A malicious actor could have silently altered what Lilli tells 40,000+ McKinsey consultants. Poisoned financial models, embedded data exfiltration in normal-looking responses, or stripped safety guardrails entirely. No logs, no file changes, no process anomalies to trigger alerts.
McKinsey's Response
The timeline moved fast. CodeWall's agent found the vulnerability on February 28. Responsible disclosure went to McKinsey on March 1. By March 2, McKinsey's CISO had acknowledged the report, patched all unauthenticated endpoints, taken the development environment offline, and blocked public API documentation. CodeWall published its findings on March 9.

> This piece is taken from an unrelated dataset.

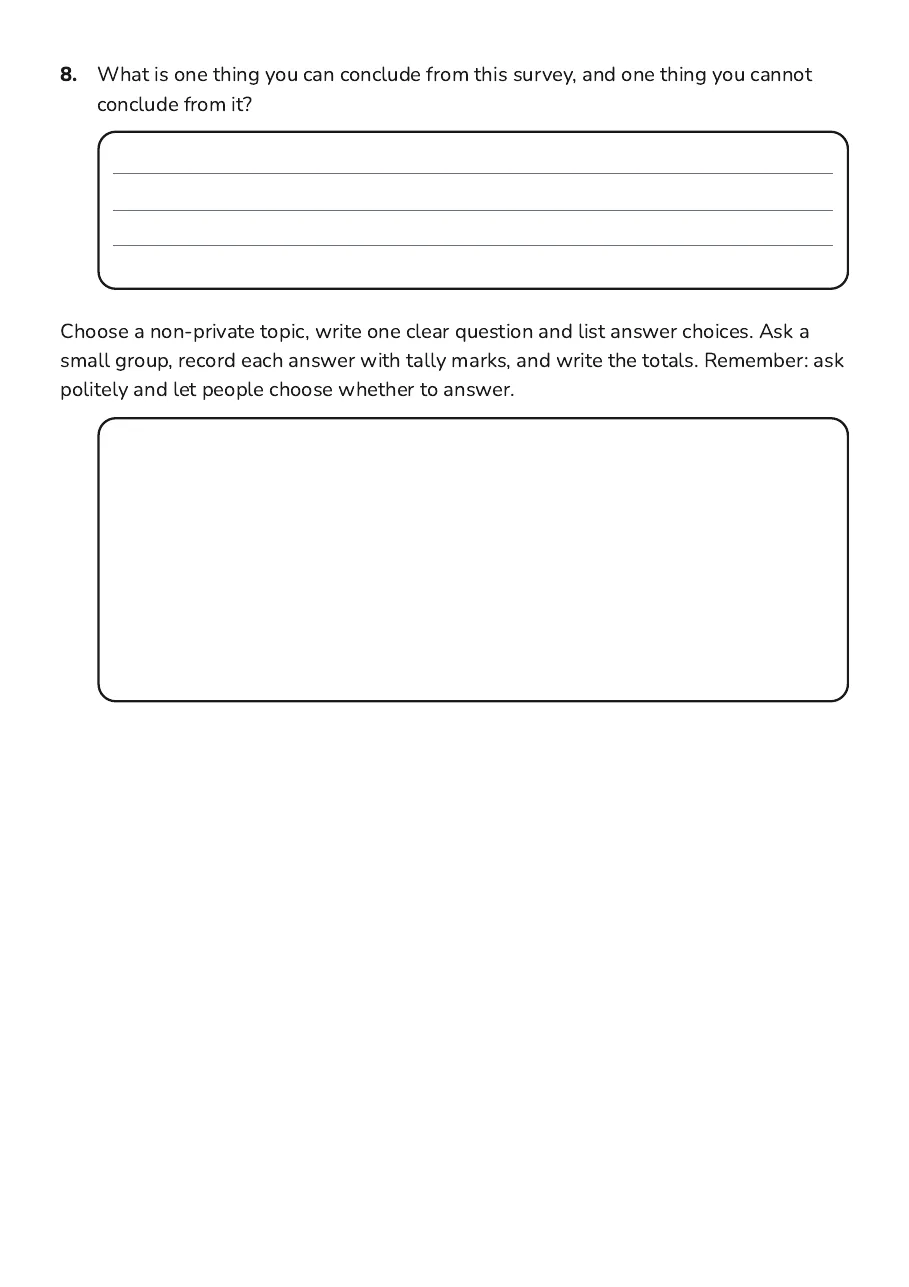 Personal Data Collection Survey, page 3 of 3: 8. What is one thing you can conclude from this survey, and one thing you cannot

McKinsey's official statement said its investigation, supported by a third-party forensics firm, "identified no evidence that client data or client confidential information were accessed by this researcher or any other unauthorized third party."
The Bigger Picture for Enterprise AI
Lilli had been running for two years before this was found. It was built by one of the world's most prominent consulting firms, the kind of organization that advises Fortune 500 companies on technology strategy. If McKinsey's AI platform had a basic SQL injection exposed for two years, the uncomfortable question is what's lurking in the thousands of hastily deployed enterprise AI tools across every other organization.
The specific failure pattern here - securing values but not keys in JSON-to-SQL translation - is exactly the kind of bug that emerges when teams build AI features fast and test against known attack patterns rather than thinking about novel input vectors. Standard scanners check standard things. AI platforms often have non-standard architectures.
CodeWall's CEO Paul Price framed the broader threat: "Hackers will be using the same technology and strategies to attack indiscriminately." An AI agent that can autonomously find and exploit a vulnerability in a major consulting firm's production system in two hours represents a real shift in what's possible for attackers. The defense side needs to move just as fast.